___ SOURCE MATERIAL ___

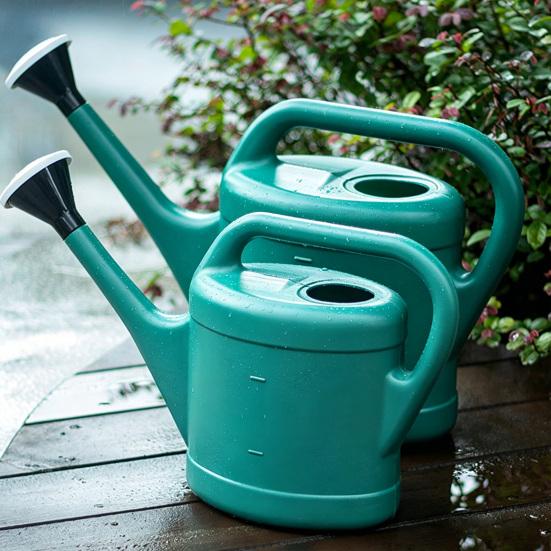 Long Spout Watering Can Sprinkler Head Watering Can Plastic Watering Pot with Handle for Home Indoor Outdoor Gardening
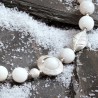 Halskette aus Schnee-Jade und Metall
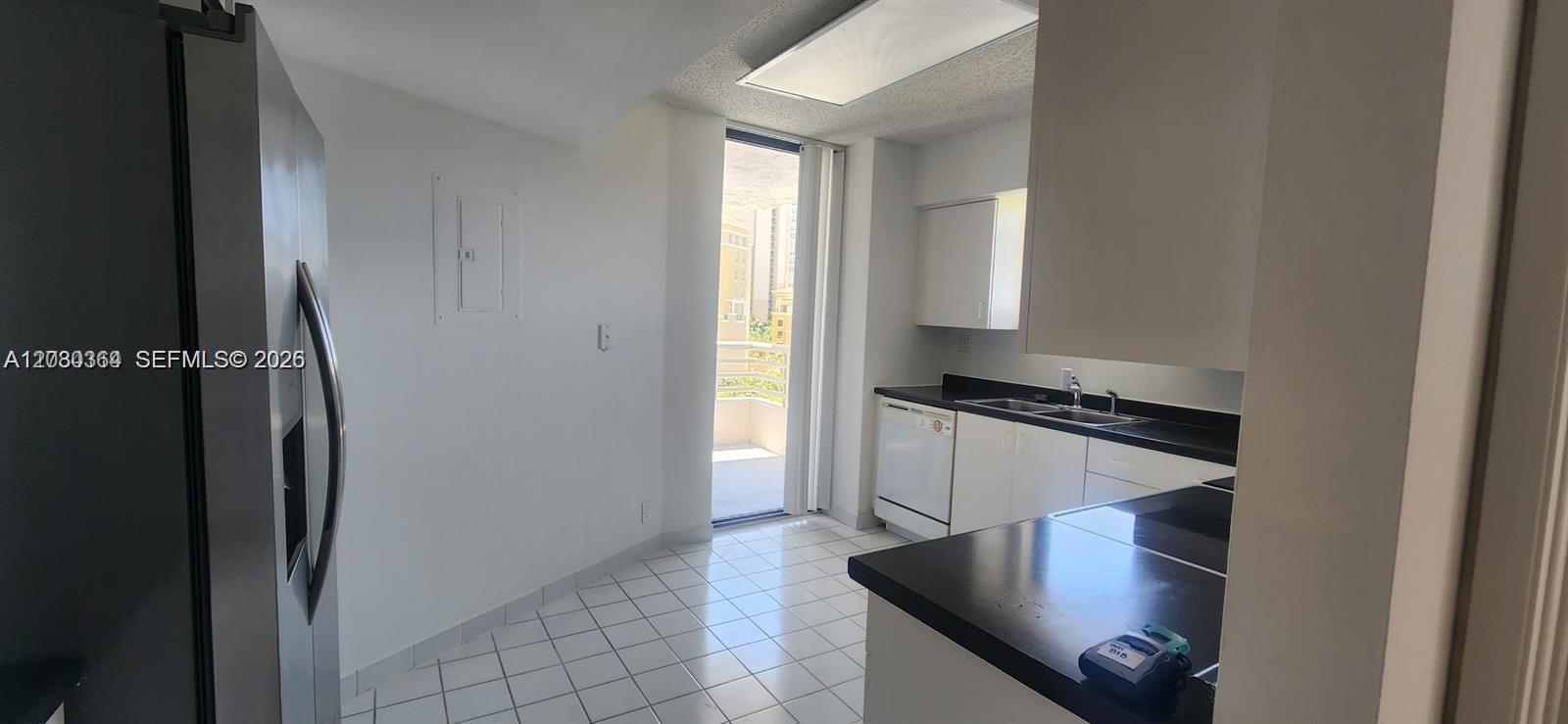 Photo of 3300 191st St  #818, Aventura, Florida, 33180 - 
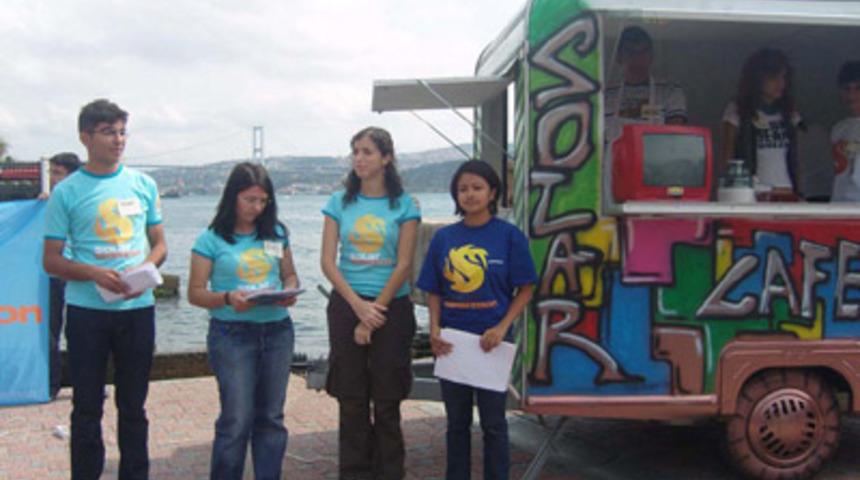 G&uuml;neş Enerjisiyle Yemek Hazırladılar!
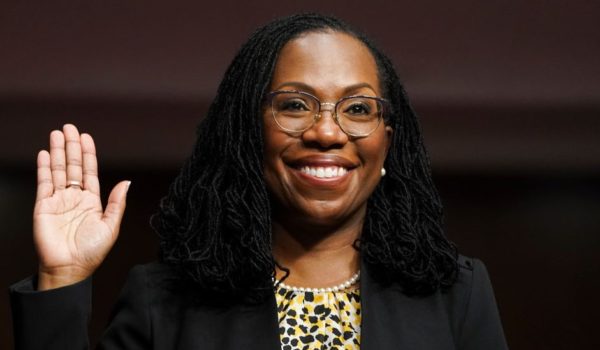 Ketanji Brown Jackson: quién es la primera mujer negra en llegar a la Corte Suprema de EE.UU.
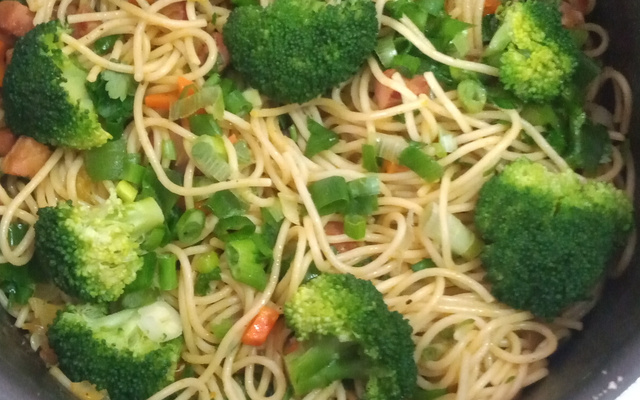 Macarrão com legumes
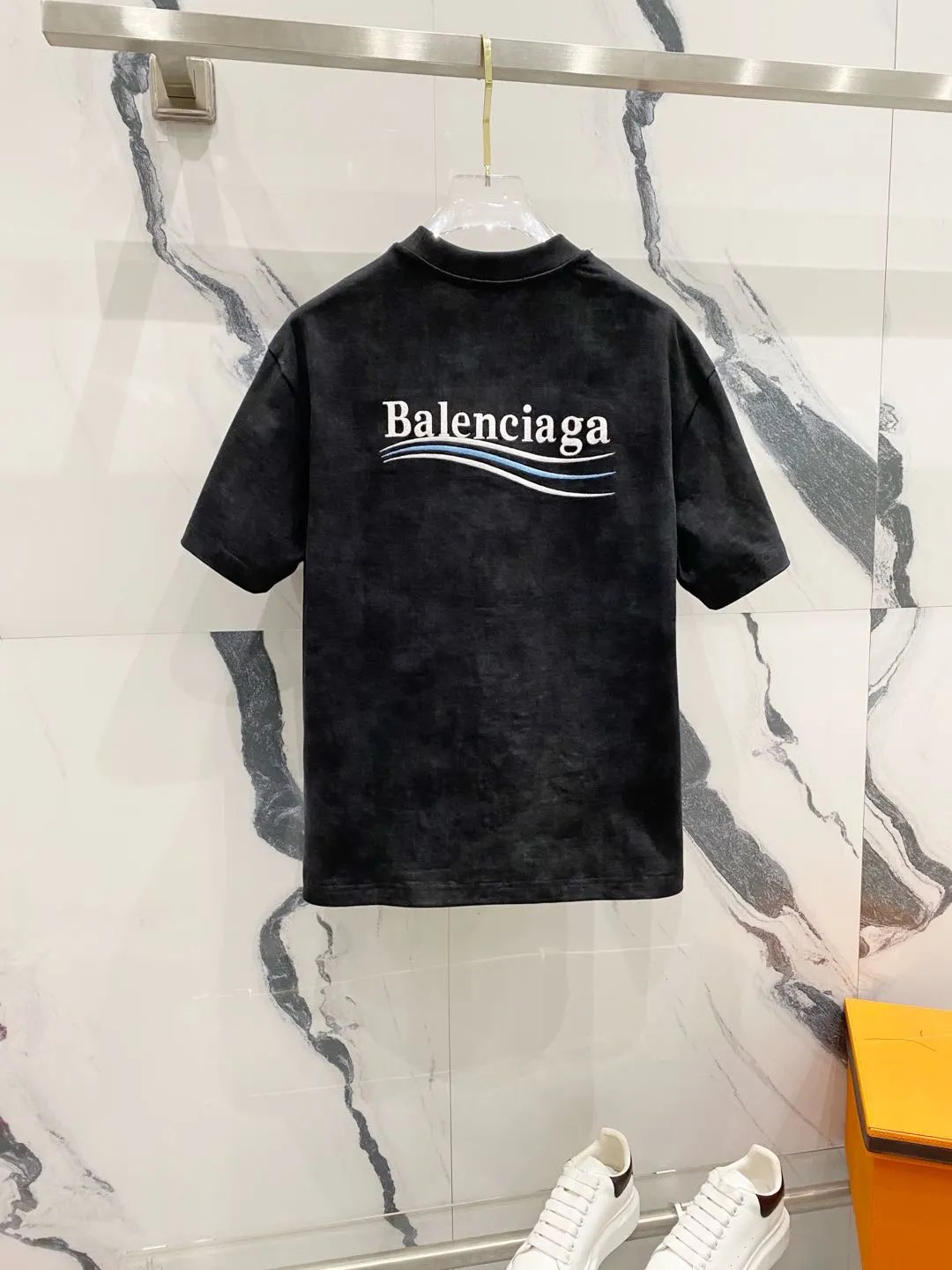 Balenciaga T-shirt Front and back wavy cola letters LOGO Embroidery?Logo Crew Neck Short Sleeve25ss New pure cotton T Unisex T-Shirt OS Loose Fit Base Shirt Top T-Shirt Short Sleeve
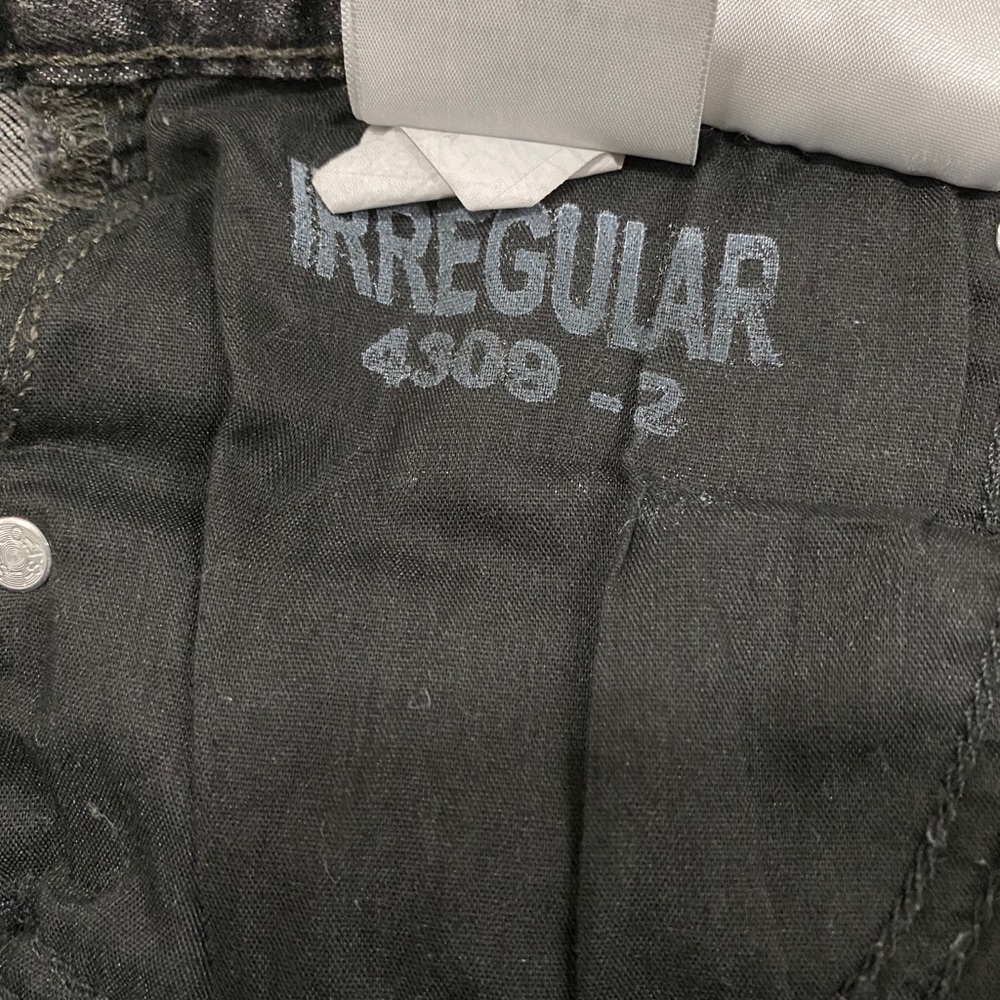 LEVI’S EXPOSED BUTTON MOM JEANS - Picture 10 of 13
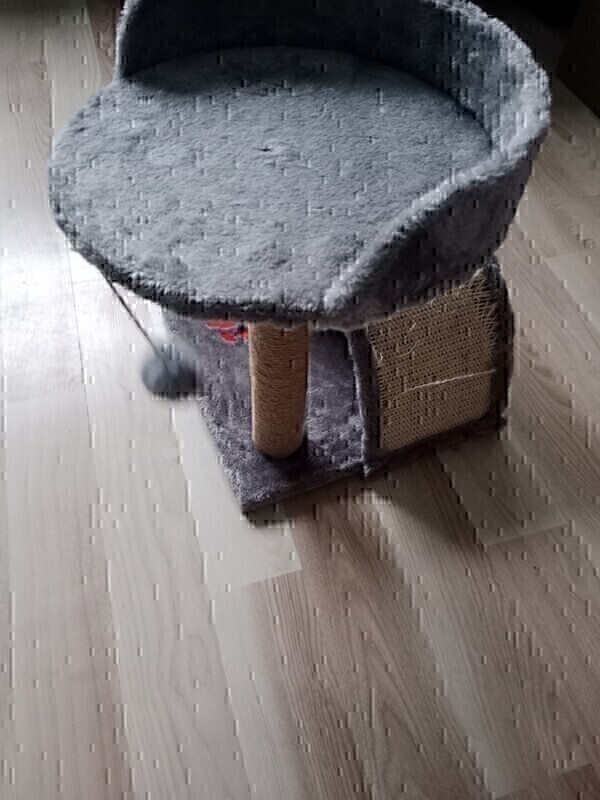 Elbląg Sprzedam drapak dla kota.
Wysokość 38 cm, średnica okręgu 30 cm, podstawa 33 cm x 33 cm. Stan widoczny na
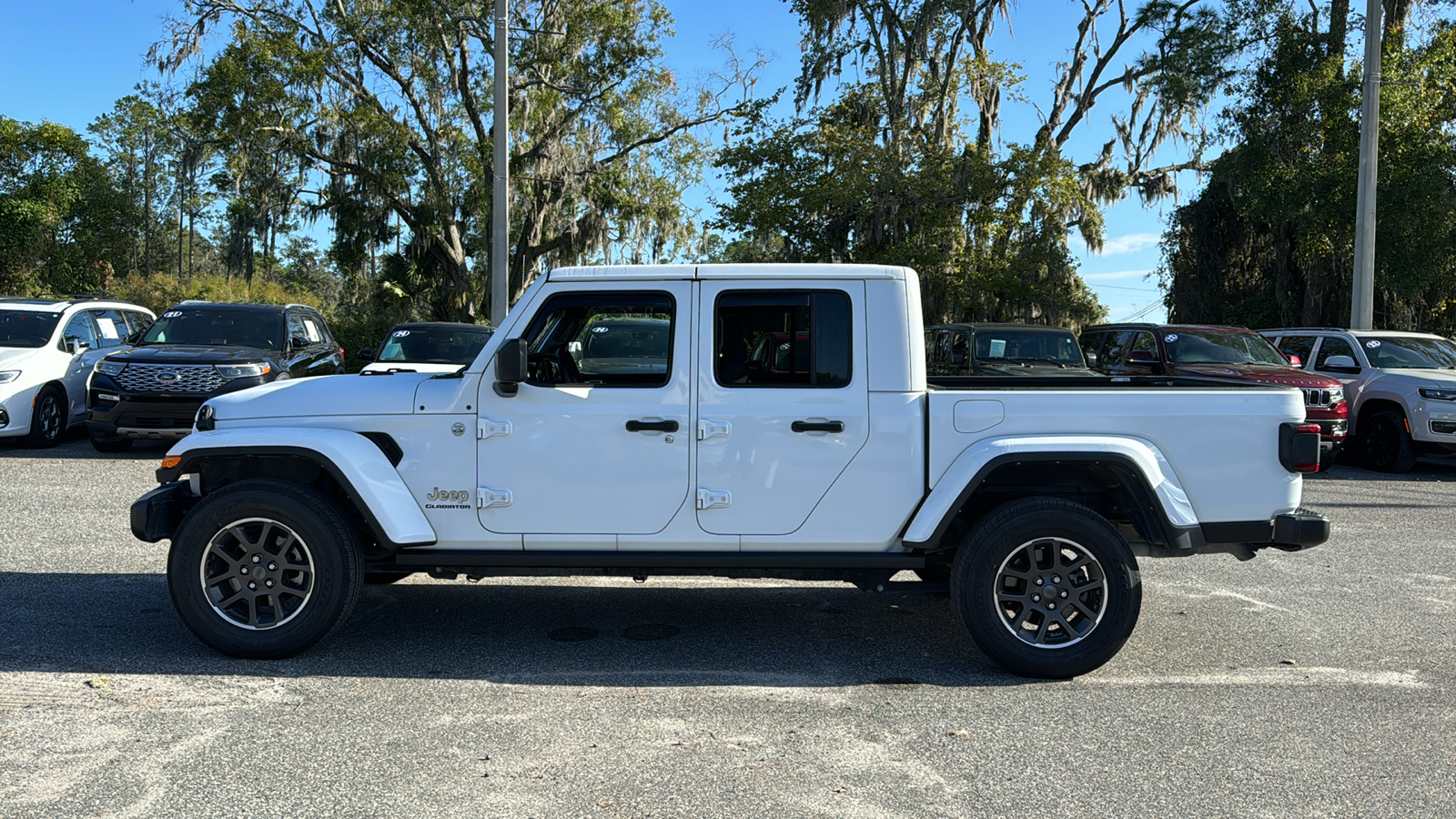 2022 Jeep Gladiator Overland 2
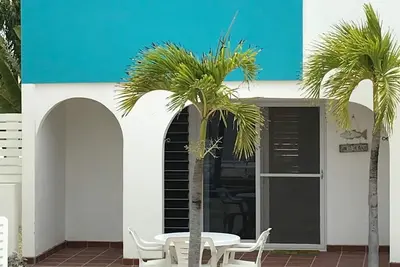 Image de Poolside Villa, Caribbean Views Plus Fantastique Shore Diving! Unité de fin privée!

___

> TASK BRIEF:
Output must match the lines from the start of the records above through the line that contains "G&uuml;neş Enerjisiyle Yemek Hazırladılar!", exactly and with every picture removed.

> YOUR SOLUTION:
 Long Spout Watering Can Sprinkler Head Watering Can Plastic Watering Pot with Handle for Home Indoor Outdoor Gardening
 Halskette aus Schnee-Jade und Metall
 Photo of 3300 191st St  #818, Aventura, Florida, 33180 - 
 G&uuml;neş Enerjisiyle Yemek Hazırladılar!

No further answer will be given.